C’est sur la route entre Montréal et Québec à 7 h le matin un samedi que j’ai ouvert Vous n’êtes probablement personne, premier roman de Marie-Jeanne Bérard (Leméac, 2016). L’esprit fatigué, j’allais assister à un enterrement. La neige s’est mise à tomber à la hauteur de Drummond. À Québec, c’était l’hiver. Au retour, j’ai terminé ma lecture. L’espace d’une journée, le texte de Bérard m’a accompagnée dans cet étrange rituel que l’on tend comme un pont entre la vie et la mort.
Vous n’êtes probablement personne cadre les liens énigmatiques, à la fois distants et étrangement intimes, entre une jeune Montréalaise du nom d’Espérance et son maître de peinture japonaise, Toshio Ohta, de quarante ans son aîné. C’est avec une élégance singulière et un phrasé délicieusement fluide que se déplie le court roman de l’auteure québécoise. Par touches impressionnistes, celle-ci dépeindra l’univers épuré et infiniment silencieux du duo de personnages qui composent les tableaux en forme de vanité, semés de fleurs et d’instants diaphanes à peine chuchotés.

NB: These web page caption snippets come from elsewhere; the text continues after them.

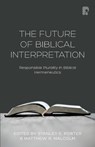The Future of Biblical Interpretation - Matthew R Malcolm ; Stanley E Porter - 9781842277881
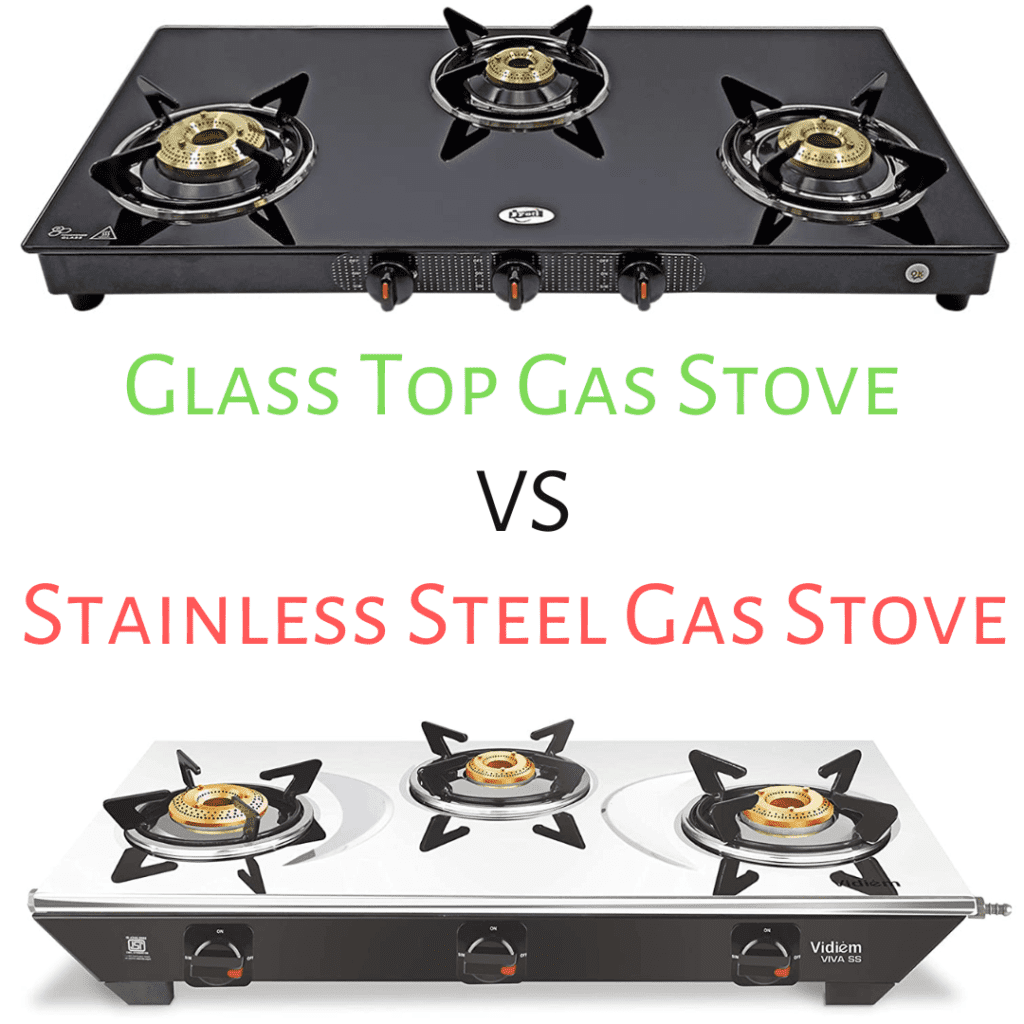 Glass Top vs Stainless Steel Gas Stove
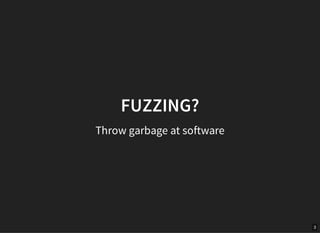 3
FUZZING?
Throw garbage at software
 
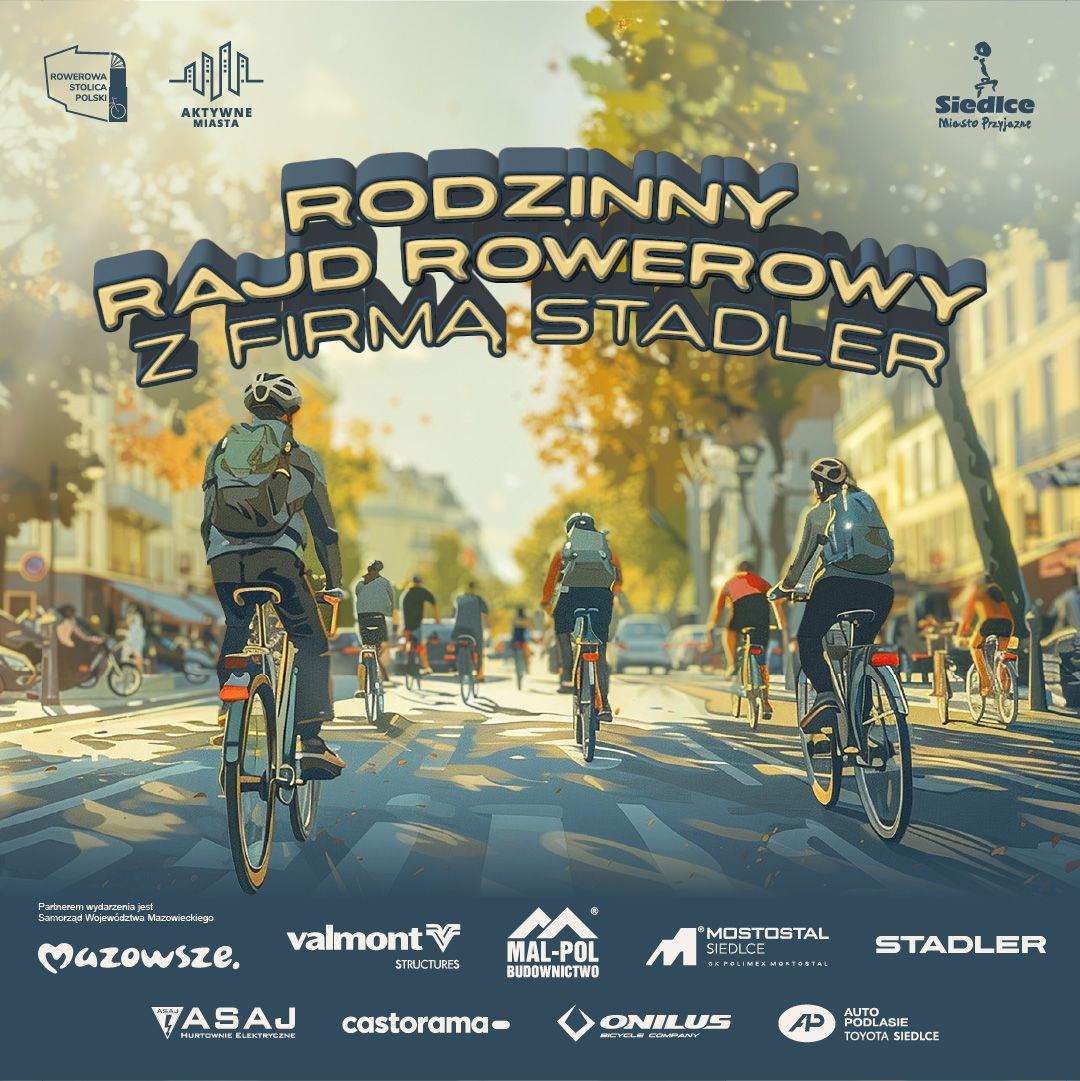 Rodzinny Rajd Rowerowy z firmą Stadler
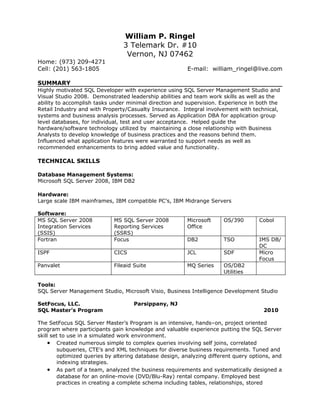 William P. Ringel
                                3 Telemark Dr. #10
                                 Vernon, NJ 07462
Home: (973) 209-4271
Cell: (201) 563-1805                                     E-mail: william_ringel@live.com

SUMMARY
Highly motivated SQL Developer with experience using SQL Server Management Studio and
Visual Studio 2008. Demonstrated leadership abilities and team work skills as well as the
ability to accomplish tasks under minimal direction and supervision. Experience in both the
Retail Industry and with Property/Casualty Insurance. Integral involvement with technical,
systems and business analysis processes. Served as Application DBA for application group
level databases, for individual, test and user acceptance. Helped guide the
hardware/software technology utilized by maintaining a close relationship with Business
Analysts to develop knowledge of business practices and the reasons behind them.
Influenced what application features were warranted to support needs as well as
recommended enhancements to bring added value and functionality.

TECHNICAL SKILLS

Database Management Systems:
Microsoft SQL Server 2008, IBM DB2

Hardware:
Large scale IBM mainframes, IBM compatible PC’s, IBM Midrange Servers

Software:
MS SQL Server 2008           MS SQL Server 2008         Microsoft     OS/390        Cobol
Integration Services         Reporting Services         Office
(SSIS)                       (SSRS)
Fortran                      Focus                      DB2           TSO           IMS DB/
                                                                                    DC
ISPF                         CICS                       JCL           SDF           Micro
                                                                                    Focus
Panvalet                     Fileaid Suite              MQ Series     OS/DB2
                                                                      Utilities

Tools:
SQL Server Management Studio, Microsoft Visio, Business Intelligence Development Studio

SetFocus, LLC.                       Parsippany, NJ
SQL Master’s Program                                                                  2010

The SetFocus SQL Server Master’s Program is an intensive, hands–on, project oriented
program where participants gain knowledge and valuable experience putting the SQL Server
skill set to use in a simulated work environment.
     • Created numerous simple to complex queries involving self joins, correlated
        subqueries, CTE’s and XML techniques for diverse business requirements. Tuned and
        optimized queries by altering database design, analyzing different query options, and
        indexing strategies.
     • As part of a team, analyzed the business requirements and systematically designed a
        database for an online-movie (DVD/Blu-Ray) rental company. Employed best
        practices in creating a complete schema including tables, relationships, stored
 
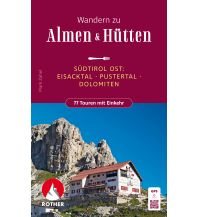 Wanderführer Alm- und Hüttenwanderungen Südtirol Ost Bergverlag Rother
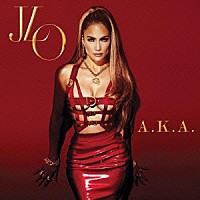 ジェニファー・ロペス「 Ａ．Ｋ．Ａ．」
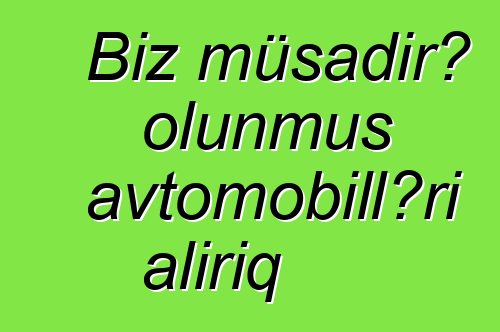 Biz müsadirə olunmuş avtomobilləri alırıq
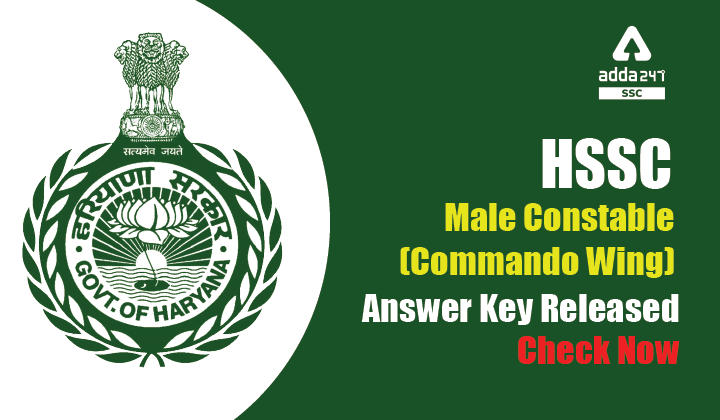HSSC Male Constable (Commando Wing) Answer Key Released: Check Now_40.1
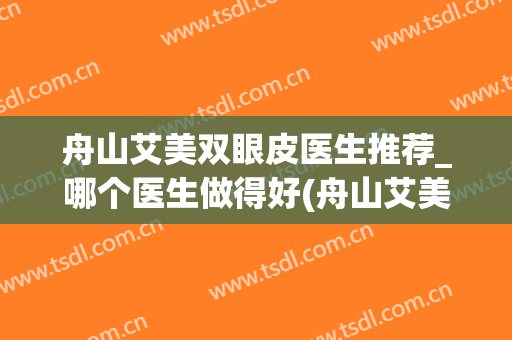 舟山艾美双眼皮医生推荐_哪个医生做得好(舟山艾美医疗整形医院好吗)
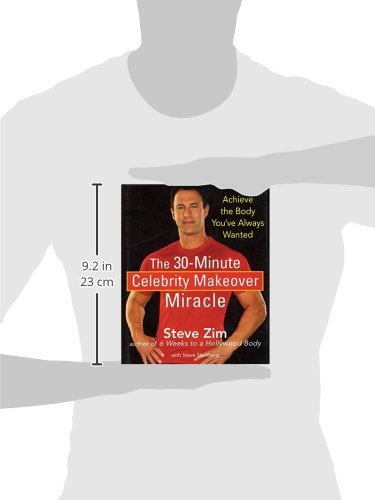 The 30-Minute Celebrity Makeover Miracle: Achieve the Body You've Always Wanted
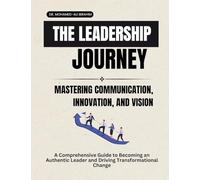 THE LEADERSHIP JOURNEY: MASTERING COMMUNICATION, INNOVATION, AND VISION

Les chapitres se consomment à petites doses afin de se délecter de la beauté des mots, afin d’en saisir les nuances, comme l’on goûterait le plus complexe des thés fermentés. Car c’est sur une trame sobre, mimant presque l’inertie, que se déploient les mouvements et les tropismes lents d’Espérance et d’Otha, infiniment tragiques dans leur inachèvement. Infiniment beaux aussi. Tandis qu’il s’apprête à quitter le monde, le visage spectral de Monsieur Otha s’imprimera graduellement sur celui de son étudiante. Alors que tout les opposait au départ, les personnages couleront l’un dans l’autre, se contamineront, ou plutôt partageront leur humanité.

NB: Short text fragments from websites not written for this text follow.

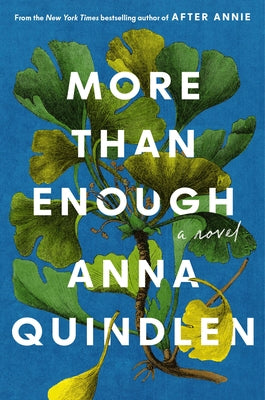 More Than Enough by Quindlen, Anna
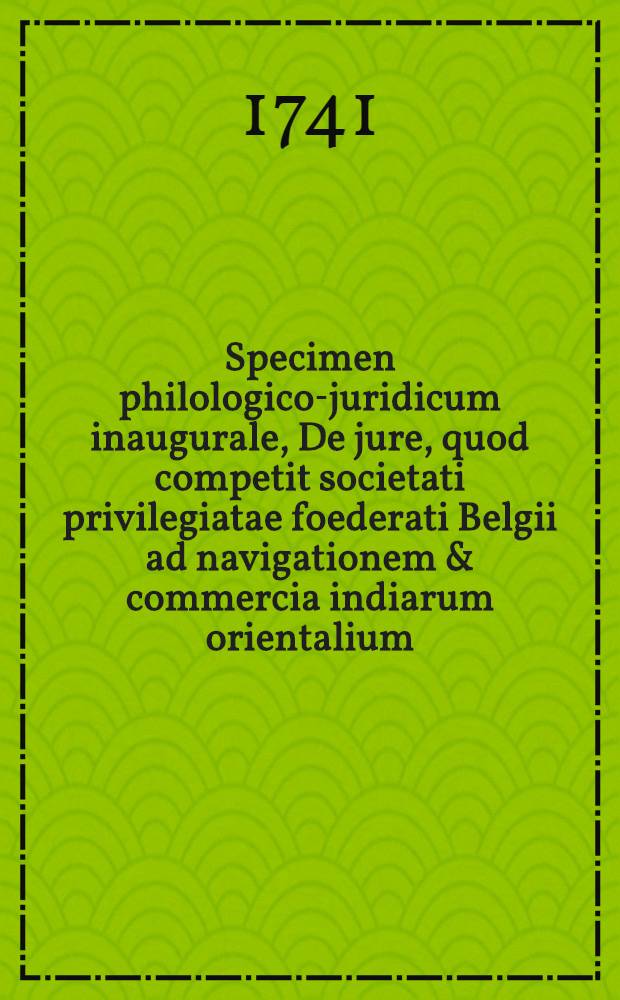 Specimen philologico-juridicum inaugurale, De jure, quod competit societati privilegiatae foederati Belgii ad navigationem & commercia indiarum orientalium
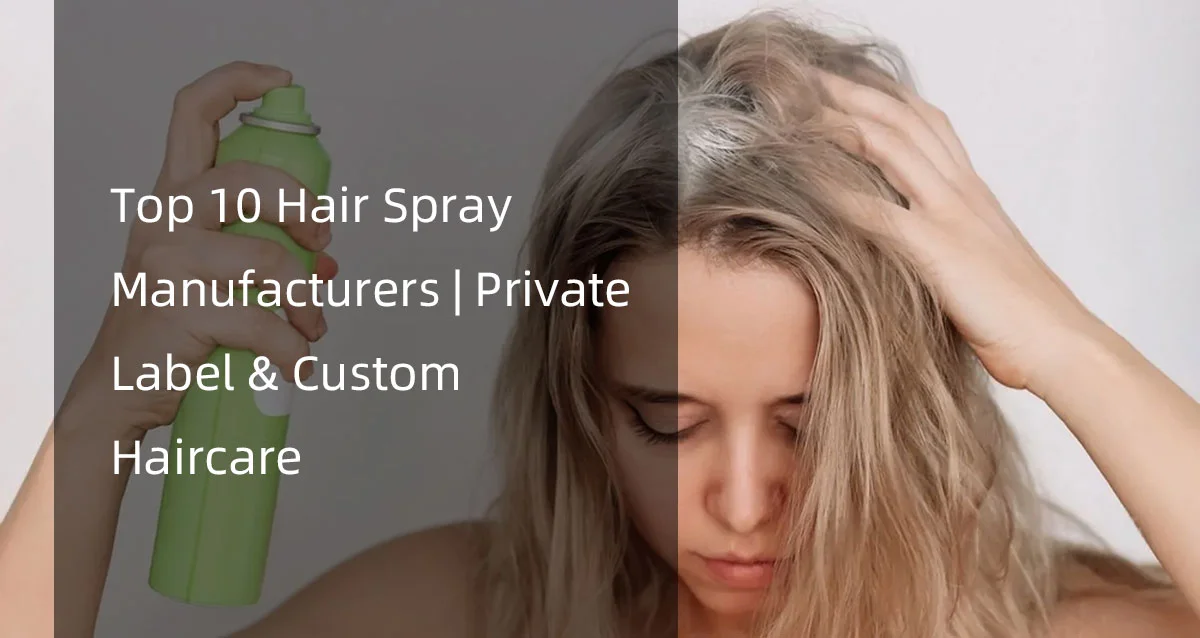 Top 10 Hair Spray Manufacturers | Private Label & Custom Haircare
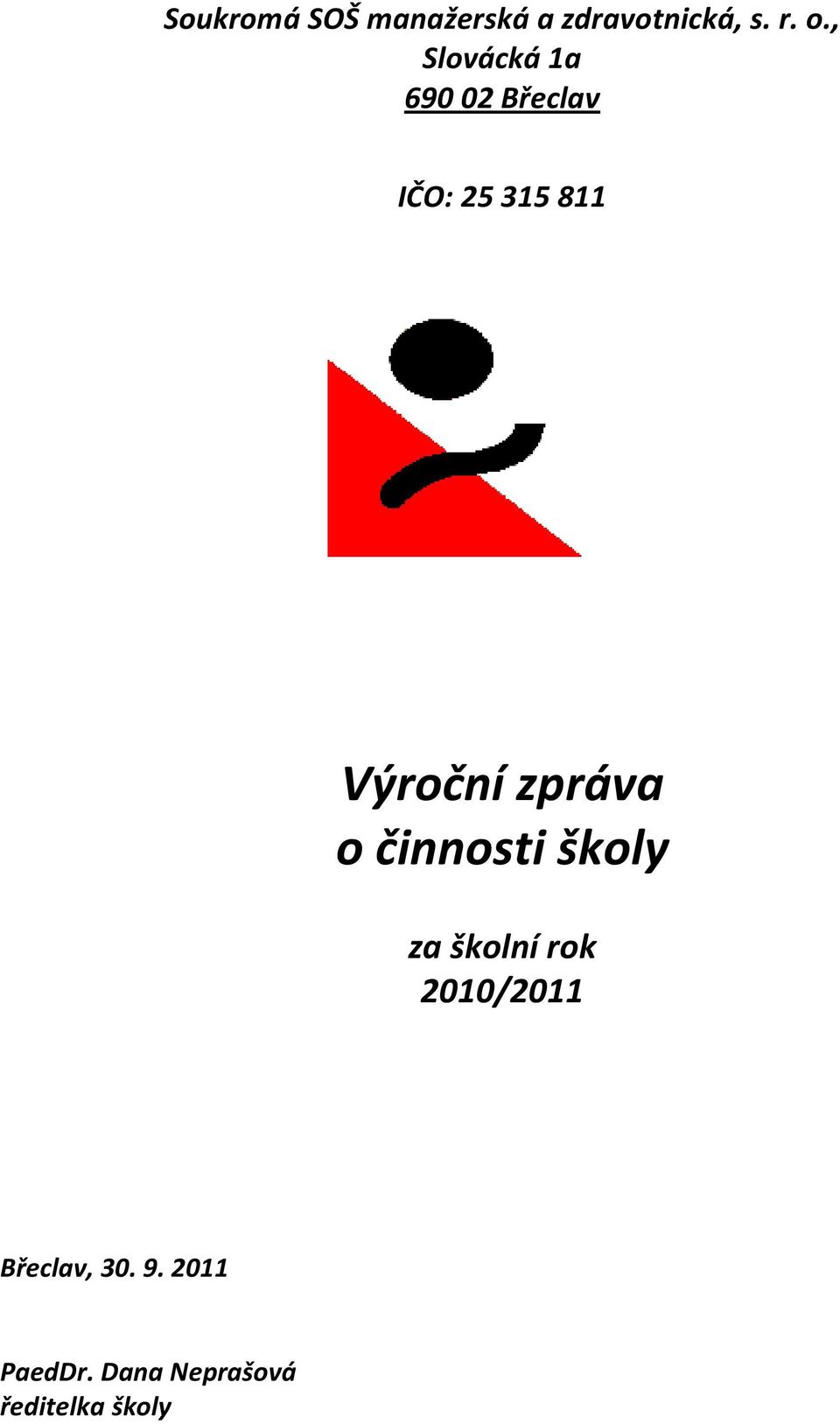 Výroční zpráva o činnosti školy za školní rok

Plus qu’une réflexion sur la relation amoureuse, c’est une ode à cette partie de l’Autre qui nous habite et que l’on porte en soi et qui, éventuellement, intègre irréversiblement nos composantes. En cela, la métaphore filée du dessin qu’emploie Bérard illustre magnifiquement (et poétiquement) ce transfert des propriétés, mais aussi de ce soi que l’on offre au regard de l’Autre. En lien avec ce pouvoir évocateur du dessin, l’une des grandes forces de Bérard est d’ailleurs sa capacité à faire percevoir au lecteur toutes ces choses ténues qui composent le quotidien, ces choses millimétriques, comme ce geste de cueillir une fleur, ou encore, de se refuser à le faire.
Et comme si c’étaient ses cordes vocales que son doigt avait effleurées, elle sentit les mots s’échapper de sa gorge: « Cueillez-la. »
Il tressaillit. La voix d’Espérance conférait au réel une clarté presque insoutenable. C’étaient les premiers mots qu’ils échangeaient depuis leur entrée dans le jardin. C’était une prière. Toshio ne bougeait plus.
« Cueillez-la… personne ne le saura, je vous le promets. »
(p. 47)
De retour à Montréal, à la suite de l’enterrement et de ma lecture, je me suis demandé si, au fond, le titre n’avait pas profondément raison. Si, au fond, nous n’étions jamais personne, mais plutôt toutes celles qui habitent nos vies, et ce, même malgré la mort.
Bérard, Marie-Jeanne. Vous n’êtes probablement personne. Leméac, 2016, 128 p.